結論: 合格は『18/30 問 + 各科目 4/10 問』の同時クリア、目標は +3 問の安全マージン
第二種衛生管理者の合格は、公益財団法人 安全衛生技術試験協会の公表基準で 「総得点 60% 以上」+「各科目 40% 以上」の二重条件 によって決まります。30 問換算では 全体 18 問 + 関係法令 4 問 + 労働衛生 4 問 + 労働生理 4 問 が最低ラインで、ここを 1 問でも下回ると不合格。逆に「全体 22 問取れても生理が 3 問」のケースは足切り、「各科目 5 問ずつでも合計 15 問」のケースは総得点不足で、どちらも不合格になります。

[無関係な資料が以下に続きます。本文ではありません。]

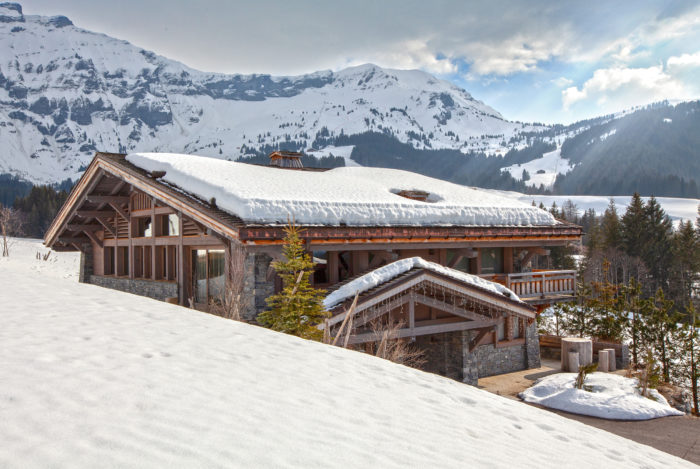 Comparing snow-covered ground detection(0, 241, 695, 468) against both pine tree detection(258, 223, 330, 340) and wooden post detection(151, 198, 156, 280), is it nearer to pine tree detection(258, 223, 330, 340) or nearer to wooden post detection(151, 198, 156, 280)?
pine tree detection(258, 223, 330, 340)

| 条件 | ライン | 30 問換算 | 配点換算 (300 点満点) |
|---|---|---|---|
| 各科目 40% 以上 | 各科目 4/10 問 | 関係法令 4 + 労働衛生 4 + 労働生理 4 | 各科目 40 点以上 |
| 総得点 60% 以上 | 合計 18/30 問 | 関係法令 + 労働衛生 + 労働生理 = 18 問以上 | 180 点以上 |
| 推奨目標 (+3 問) | 各科目 7/10 問・合計 21/30 問 | — | 210 点以上 |
編集部の見立てでは、独学受験者は 「全体 21 問・各科目 7 問」を狙うのが標準。理由は単純で、近年の合格率がおおむね 49〜50% の接戦圏で、1 問のミスが合否を分ける構造だからです。+3 問の安全マージンを最初から設計しておけば、本番の体感補正やマークミスの保険まで賄えます。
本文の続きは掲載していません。